Türkiye Ziraat Odaları Birliği (TZOB) Genel Başkanı Şemsi Bayraktar, 2024 yılının başında marketlerde izlenen 41 ürünün 40’ında fiyat artışının yaşandığını ve yalnızca 1 üründe fiyat azalması gerçekleştiğini bildirdi. Bu durum, gıda fiyatları üzerindeki artışın Türkiye’deki ekonomik dengeleri nasıl etkilediğine dair önemli bir gösterge sunuyor.
Söz konusu rapora göre, yerel pazarlarda çoğu temel gıda maddesi, tüketicilerin alım gücünü zorlayan biçimde sürekli bir artış göstermekte. Fiyat artışlarının nedenleri arasında enflasyon, üretim maliyetlerinin yükselmesi ve iklim değişikliği gibi faktörler sıralanmakta. Ayrıca, Türk lirasının değer kaybı da ithalat ve yurtiçindeki ürün fiyatlarını doğrudan etkileyen unsurlar arasında yer alıyor.
Bu süreçte en çok etkilenen ürünlerden biri lahanadır, zira Aralık ayında fiyatının artış göstermesi, tüketici tercihleri üzerinde önemli değişimlere yol açtı. Son günlerde marketlerde, lahana fiyatlarının yükselmesiyle birlikte, bu ürünün yanı sıra patlıcan da önemli bir fiyat artışı yaşayan diğer ürünlerden biri olarak öne çıkmaktadır. Bu durum, hem yerli üreticilerin hem de perakendecilerin stratejilerini gözden geçirmesine neden olmaktadır.
Tüketiciler için bu fiyat artışları, günlük harcamaları üzerinde büyük bir yük oluşturmakta. Özellikle düşük gelirli aileler için gıda maddelerinin fiyatlarındaki artış, sağlıklı ve dengeli beslenme imkanlarını kısıtlayarak, beslenme alışkanlıklarını olumsuz yönde etkileyebilir. Bu konu, sosyal adalet ve gıda güvenliği açısından da geniş bir tartışma başlatmaktadır.
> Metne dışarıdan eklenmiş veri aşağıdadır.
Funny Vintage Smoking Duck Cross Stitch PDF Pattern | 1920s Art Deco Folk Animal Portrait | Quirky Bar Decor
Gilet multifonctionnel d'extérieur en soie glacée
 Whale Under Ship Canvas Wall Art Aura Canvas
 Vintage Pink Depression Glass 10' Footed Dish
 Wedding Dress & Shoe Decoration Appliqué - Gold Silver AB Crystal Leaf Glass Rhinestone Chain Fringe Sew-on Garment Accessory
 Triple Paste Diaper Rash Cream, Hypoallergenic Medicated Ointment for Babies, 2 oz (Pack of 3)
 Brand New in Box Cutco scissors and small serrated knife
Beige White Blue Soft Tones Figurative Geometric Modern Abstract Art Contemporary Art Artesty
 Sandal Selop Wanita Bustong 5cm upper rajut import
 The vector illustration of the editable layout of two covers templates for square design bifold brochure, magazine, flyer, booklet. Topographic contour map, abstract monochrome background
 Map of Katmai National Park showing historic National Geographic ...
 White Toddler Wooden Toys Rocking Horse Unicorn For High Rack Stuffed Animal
Şemsi Bayraktar, yaşanan bu durumun önlenmesi adına acil önlemlerin alınması gerektiğinin altını çizerken, kamu ve özel sektör iş birliğinin önemine vurgu yaptı. Üretimde sürdürülebilirliğin sağlanması, çiftçilerin desteklenmesi ve tüketici fiyatlarının kontrol altına alınması gibi önlemler, bu sorunun çözümü için kritik öneme sahip. Dolayısıyla, hükümetin ve tarım politikasının bu çerçevede yeni stratejiler geliştirmesi gerekmektedir.
Ayrıca, TZOB Genel Başkanı Bayraktar, tarım ve gıda sektöründe kalıcı çözümler üretilmesi gerektiği üzerinde durarak, yerel üretim desteklenmediği takdirde dışa bağımlılığın artacağını belirtti. Toplumsal bilinçlenmenin artırılması da, sürdürülebilir bir tarım politikası oluşturulmasına yardımcı olabilir. Bu noktada, gıda israfının önlenmesi ve yerli ürünlerin tüketimi konusunda farkındalık kampanyalarının da başlatılması önem taşımaktadır.
Özetle, Türkiye’de marketlerdeki gıda fiyatlarının artışı, hem ekonomik hem de sosyal açıdan önemli bir meseledir. 2024 yılında fiyat artışlarının yaşandığı ürünlerdeki dengelerin sağlanabilmesi için, tüm paydaşların iş birliği içinde hareket etmesi, krizin etkilerini en aza indirecektir. Uzun vadede tarım sektöründe atılacak adımlar, bu tür sorunların tekrarlanmaması adına büyük bir fırsat sunmaktadır.